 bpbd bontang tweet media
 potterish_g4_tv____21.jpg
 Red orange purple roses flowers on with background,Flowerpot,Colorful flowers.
==============================
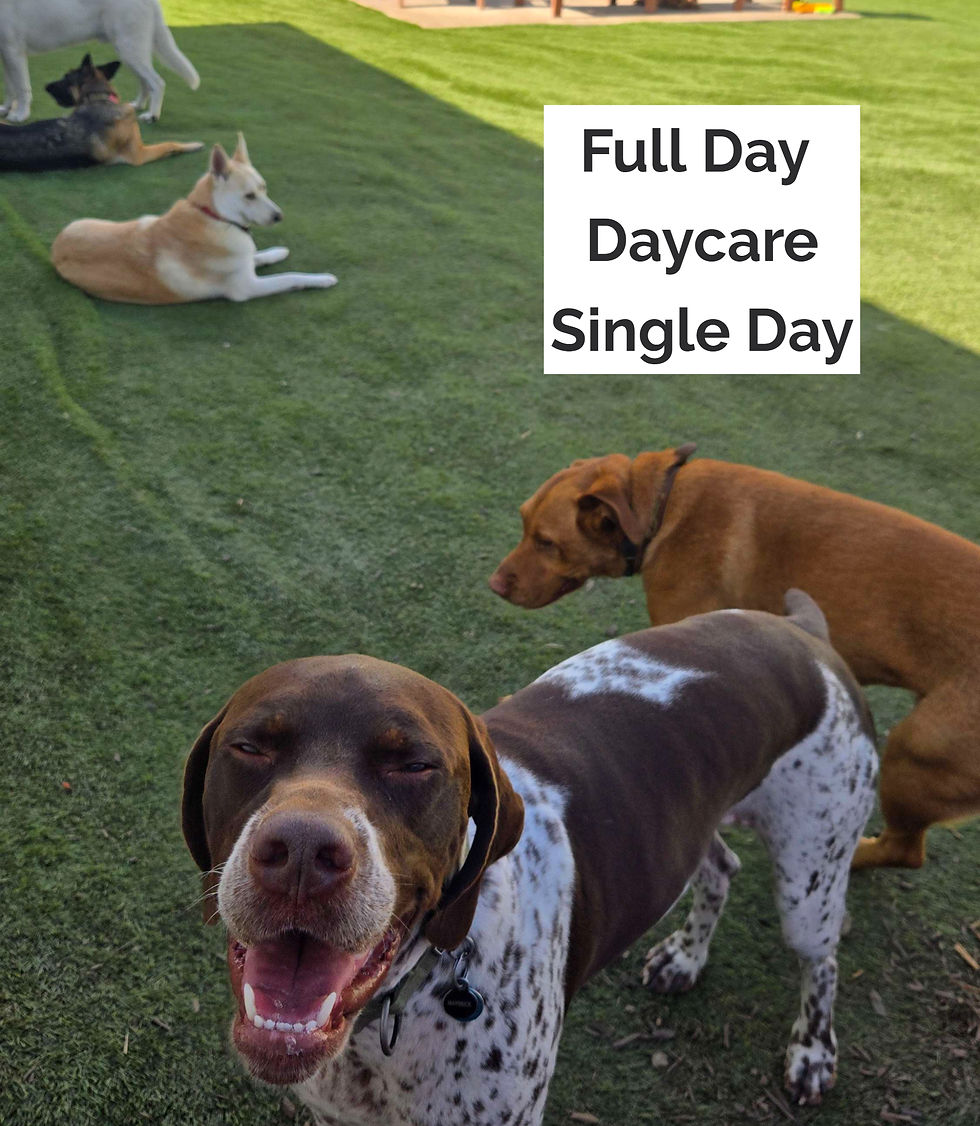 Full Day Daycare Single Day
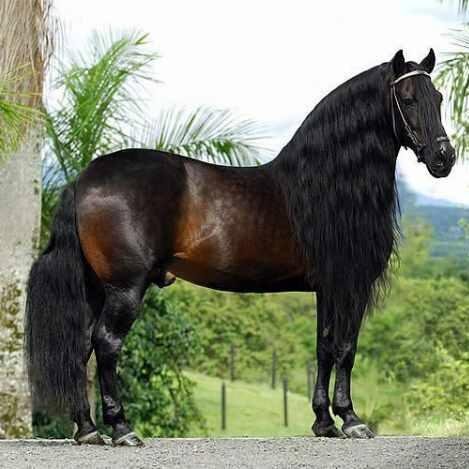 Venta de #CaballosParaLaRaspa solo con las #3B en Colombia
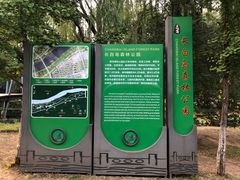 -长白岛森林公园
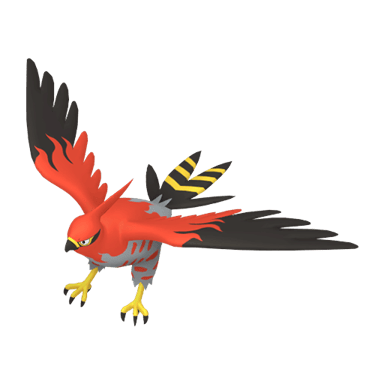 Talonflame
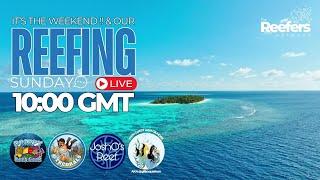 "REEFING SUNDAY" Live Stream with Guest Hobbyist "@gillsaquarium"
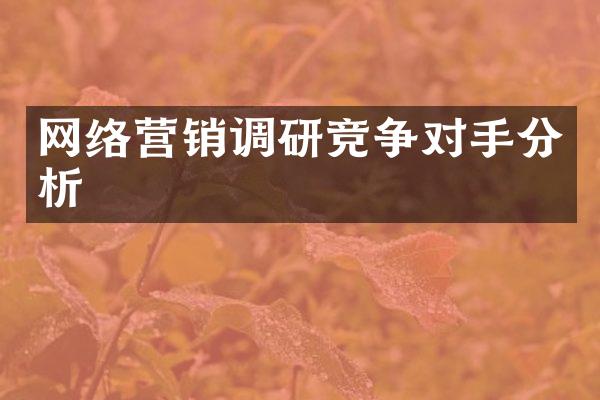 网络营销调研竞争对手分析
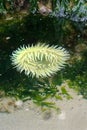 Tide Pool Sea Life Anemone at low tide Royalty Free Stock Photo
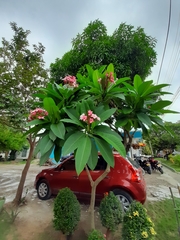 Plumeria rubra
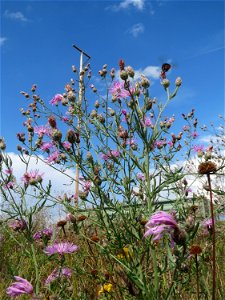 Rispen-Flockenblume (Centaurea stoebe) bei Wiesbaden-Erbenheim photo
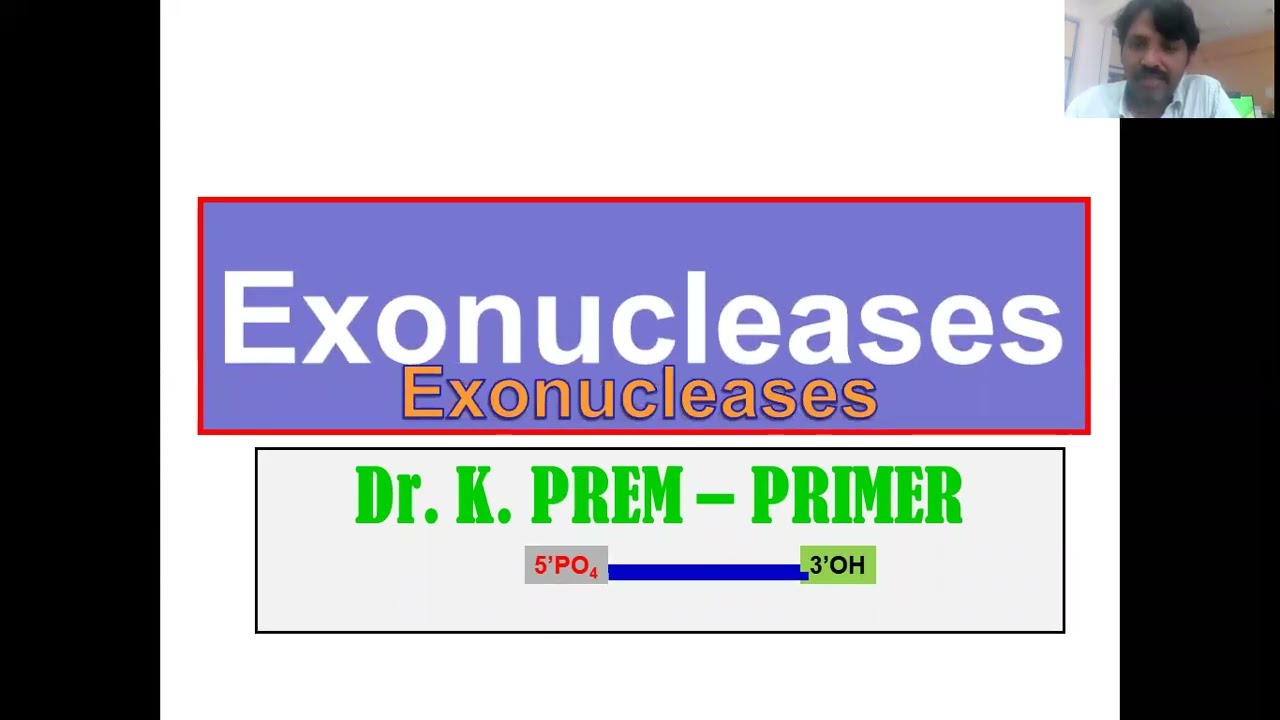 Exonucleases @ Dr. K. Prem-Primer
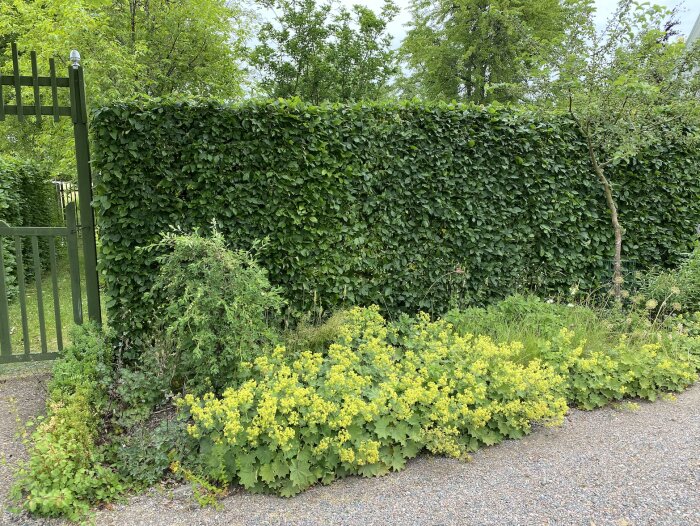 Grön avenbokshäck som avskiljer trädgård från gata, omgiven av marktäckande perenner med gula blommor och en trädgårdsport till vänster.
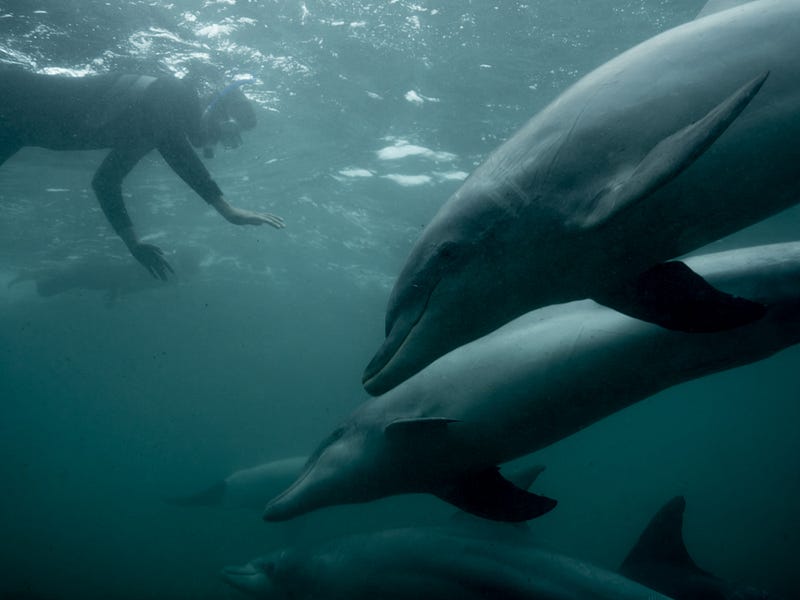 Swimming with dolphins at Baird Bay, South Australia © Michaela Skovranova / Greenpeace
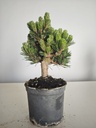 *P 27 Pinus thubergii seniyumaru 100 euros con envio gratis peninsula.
==============================
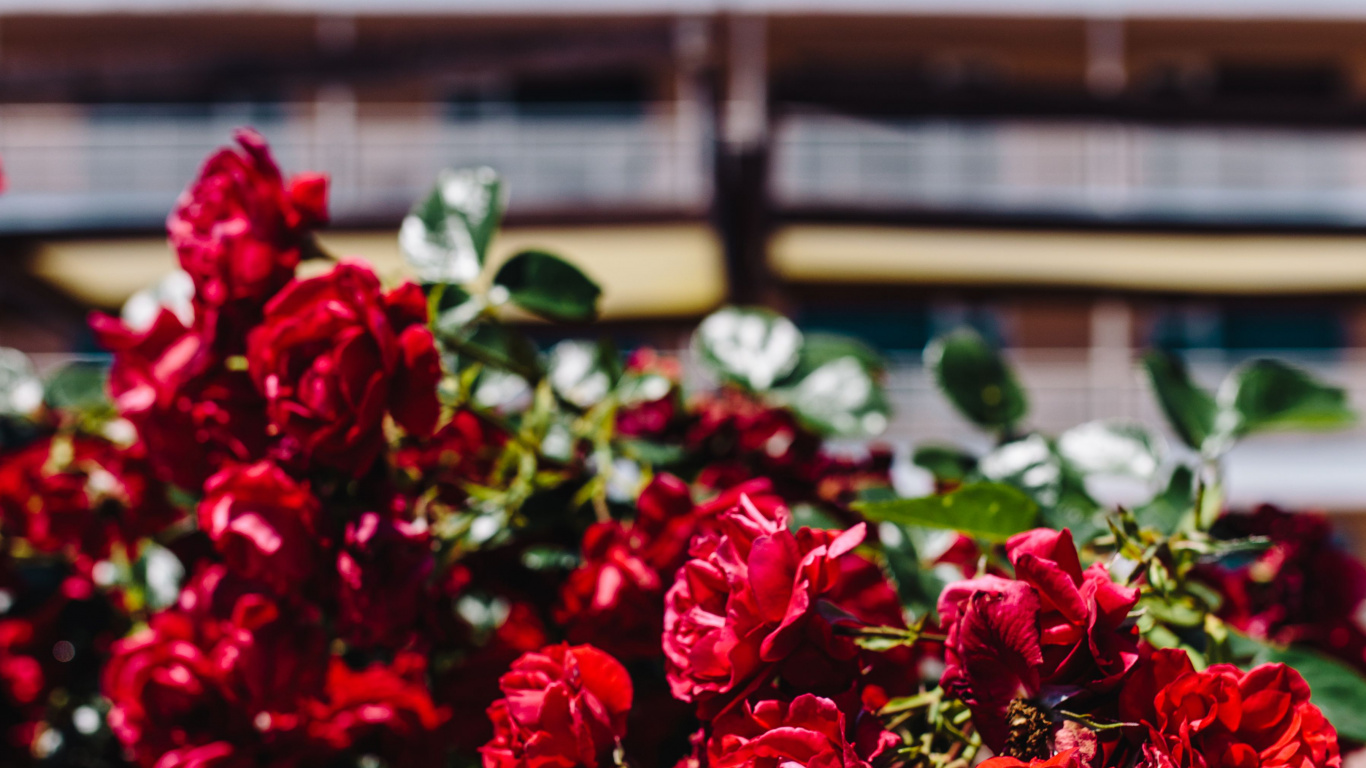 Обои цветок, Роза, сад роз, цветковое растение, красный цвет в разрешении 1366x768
==============================
=== ABOUT THIS EXERCISE ===
Your reply is to be an exact repeat of the listing above from the line holding "Exonucleases @ Dr. K. Prem-Primer" down to the line holding "envio gratis peninsula.", ends included, pictures excluded.

=== FINAL ANSWER ===
 Exonucleases @ Dr. K. Prem-Primer
 Grön avenbokshäck som avskiljer trädgård från gata, omgiven av marktäckande perenner med gula blommor och en trädgårdsport till vänster.
 Swimming with dolphins at Baird Bay, South Australia © Michaela Skovranova / Greenpeace
 *P 27 Pinus thubergii seniyumaru 100 euros con envio gratis peninsula.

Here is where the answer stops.